Sir Keir Starmer could not help feeling elated. Just before Prime Minister’s Questions he had received another defector from the Conservatives, Natalie Elphicke.
At the start of PMQs, he “warmly welcomed” Chris Webb, victor of last week’s by-election in Blackpool South, to the Labour benches, followed by Elphicke, “the new Labour MP for Dover”.
Dover has gone Labour in 1945, 1964, 1997 and 2024. It was hard, watching from the gallery, not to feel that Elphicke’s defection portended a wider Conservative defeat.
“What is the point of this failed government staggering on?” Starmer demanded. “How many more times do the public and his own MPs need to reject him before he takes the hint?”
“He can be as cocky as he likes about local elections,” Sunak replied, “but come a general election it’s policy that counts.”
According to the Prime Minister, those words were uttered by Tony Blair a year ago, but they did not now diminish Starmer’s cockiness.
Class war has been the favoured sport of socialists since the days when Karl Marx picnicked on Hampstead Heath, and Starmer set out to have some sport with Sunak: “At his mansion in Richmond he can enjoy a brand-new Labour Mayor of North Yorkshire.”
Sunak retorted that “the people of North Yorkshire believe in hard work, secure borders, lower taxes and straight-talking common sense, and they’re not going to get any of that from a virtue-signalling lawyer from North London”.

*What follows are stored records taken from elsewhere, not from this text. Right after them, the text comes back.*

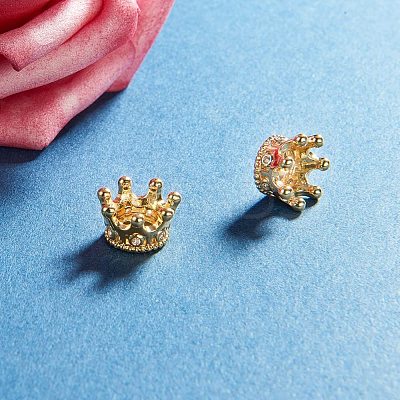 Rack Plating Brass Micro Pave Cubic Zirconia Beads ZIRC-NB0001-08-1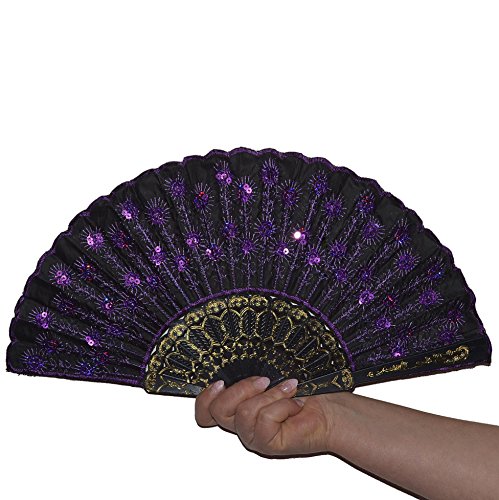 Handfächer Tanzfächer Taschenfächer Taschenfächer Stofffächer Klappfächer Deko Glitzer (Lila) von Handfächer
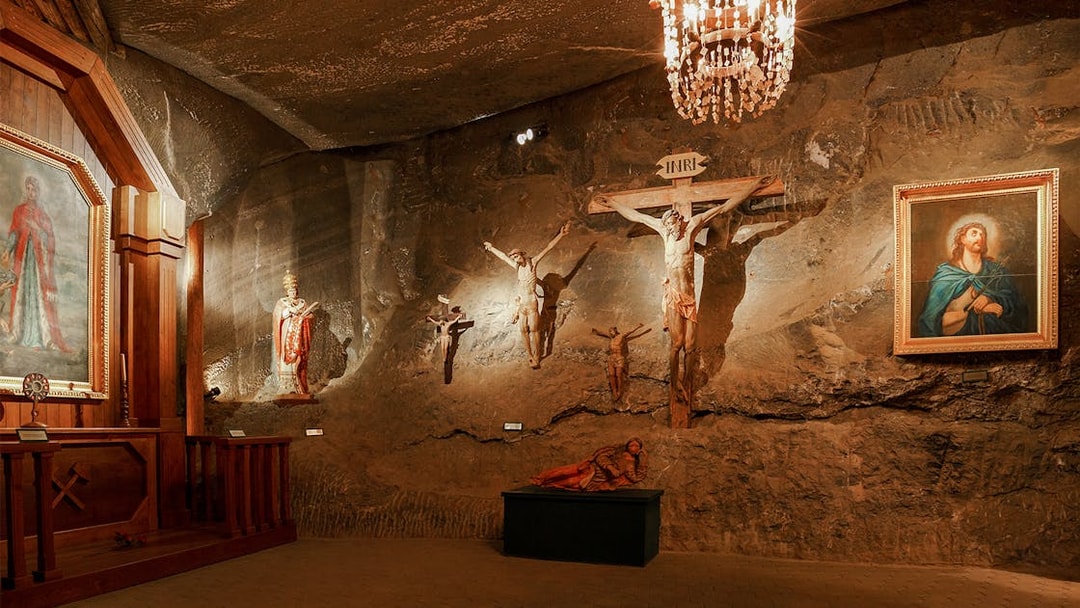 Chapel with religious sculptures and paintings in Wieliczka salt mine, Poland.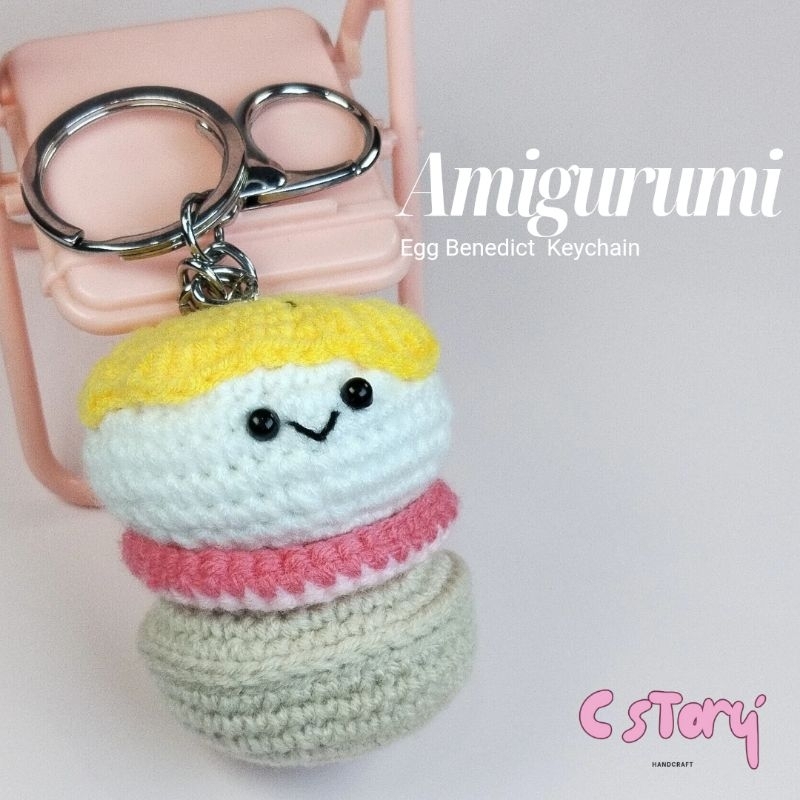 Jual Amigurumi Egg Benedict Keychain / Gantungan Kunci Rajutan / Ganci ...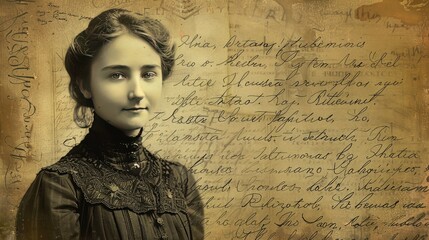 A vintage portrait of a young woman from a bygone era superimposed on a background of aged paper filled with handwritten script - AI Generated Digital Art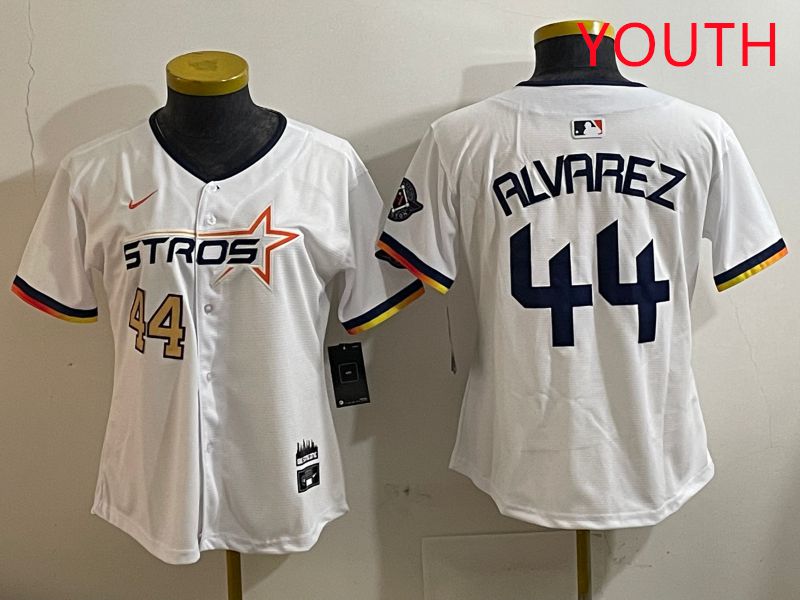 Youth Houston Astros 44 Alvarez White three generations Joint Name Nike 2025 MLB Jersey style 3
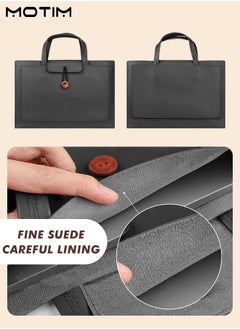 Motim 16 Inch Leather Laptop Bag, Laptop Sleeve Bag, MacBook Pro 16 Inch Case, Asus/Dell/HP 15.6 Inch Laptop Cover, Computer Business Handbag Protective Briefcase for Work Office  - Image 3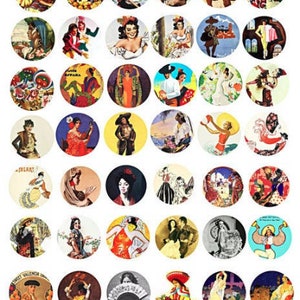 mexican and spanish women digital collage sheet 1 inch circles, flamenco dancers, clipart, vintage printable images instant download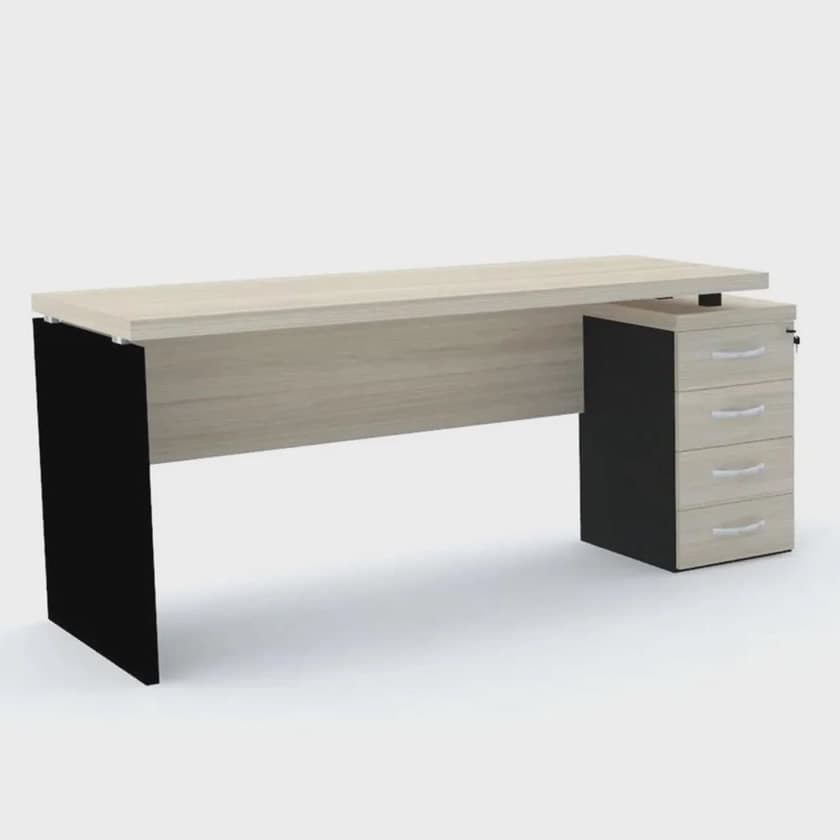 Mesa para escritório 4 gavetas PE40 - Nogueira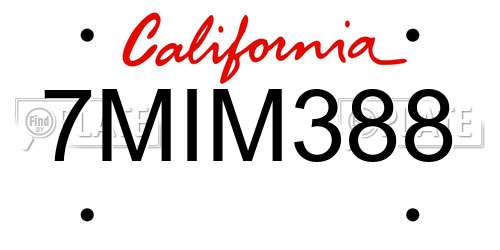 7MIM388 California License Plate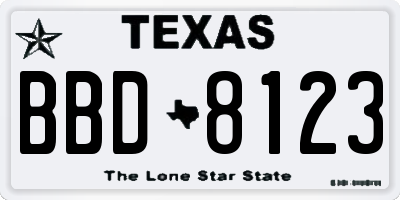 TX license plate BBD8123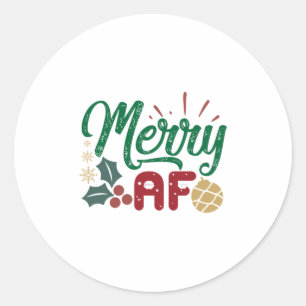 Xmas Gift Merry AF Cool Sassy Classic Round Sticker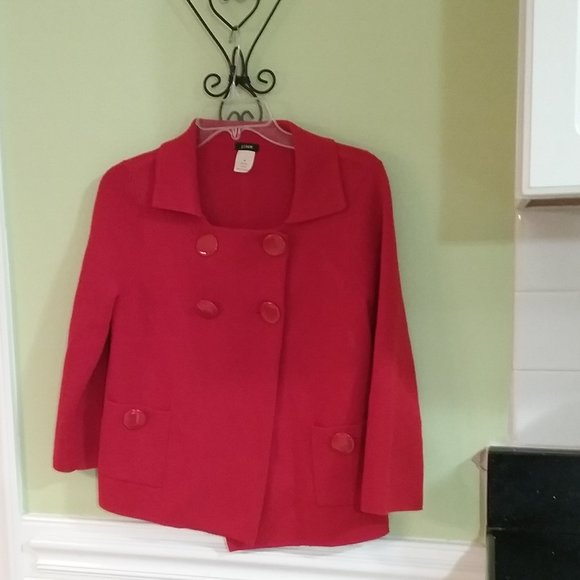 J. Crew Red woolen Double breasted Sweater Jacket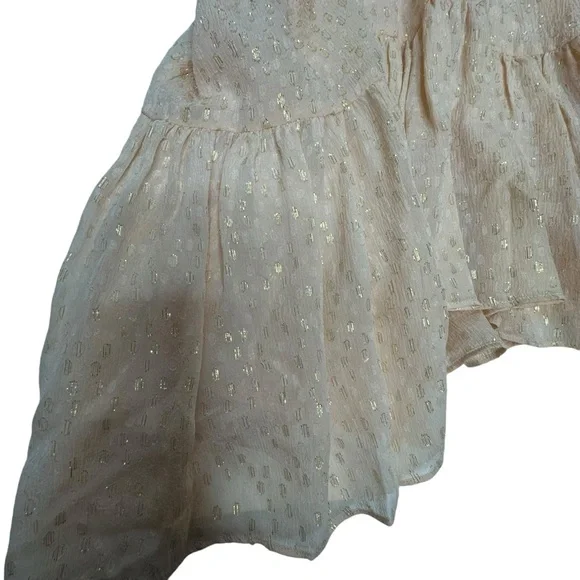 NWT A.L.C. Sidney Silk Dress in Pale Pink and Metallic Gold 0 - Picture 8 of 12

Starmer nevertheless continued to virtue-signal. He sees the prize within his grasp, and cannot believe it will elude him now.
Sunak, who sounded as if he had a cold, gave dull, prudent, well-informed answers to the rest of the questions put to him at PMQs.
He displayed a marvellous command of detail, but could not hit on any way of putting fresh heart into his dejected troops.
He and his supporters must hope that Starmer and co will give way to hubris, and start behaving as if they have already won the general election.